Many of India’s hottest unicorns have grown at two or three times their earlier speed since the pandemic’s start thanks to Indians moving online faster than expected, Pahwa says. The country now has 700 million Internet users.
Some traditional brick-and-mortar companies too are looking to enter the digital ecosystem through acquisitions—such as the Tata Group buying a majority stake in online grocery Big Basket at the end of May—making startups even buzzier.
“The tech crackdown in China can potentially fuel more investments to Indian tech startups,” said Anshu Kapoor, president and head of investment management at Edelweiss Wealth.
Global investors in tech companies used to only have the choice of two large markets, the U.S and China, because investments in India were largely available only through private equity, he said.
“Now these Indian companies are being made available publicly,” he said. “Our tech companies have now matured…and investors will see the equivalent of an Uber or Meituan in India.”
Many Indian tech startups are now entering a seven- or eight-year maturing cycle that is typically required for a listing, a phase that several Chinese companies have already crossed, he added.
“Many of the private equity companies that had invested in India are now wanting to exit. That is driving the number of IPOs being offered by these companies,” he said.
Public debuts offer the easiest exit route for early-stage investors in Indian tech startups, many of whom are Chinese themselves, like Ant Financial, which has invested in Zomato and digital payments company Paytm. The Indian companies are hoping to have more permanent investors through the IPOs, analysts said.

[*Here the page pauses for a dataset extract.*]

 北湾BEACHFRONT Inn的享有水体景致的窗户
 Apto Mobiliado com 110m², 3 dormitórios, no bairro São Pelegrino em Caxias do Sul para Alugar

Paytm, India’s largest tech unicorn with a valuation of about $15 billion, is among the companies in the listing pipeline. Paytm filed its IPO papers with the stock market regulator Securities and Exchange Board of India on July 16. It plans to raise $2.2 billion through the offer.
Online cosmetics retailer Nykaa and the country’s largest online insurance policy aggregator, Softbank-backed Policybazaar, also are expected to file their draft IPO prospectuses shortly.
“With the Indian economy on a cyclical upturn, the India story is only about to get better,” said Vaibhav Aggarwal, chief investment officer at Motilal Oswal Securities subsidiary, Teji Mandi. “The startup ecosystem in India has a long way to go,” he said.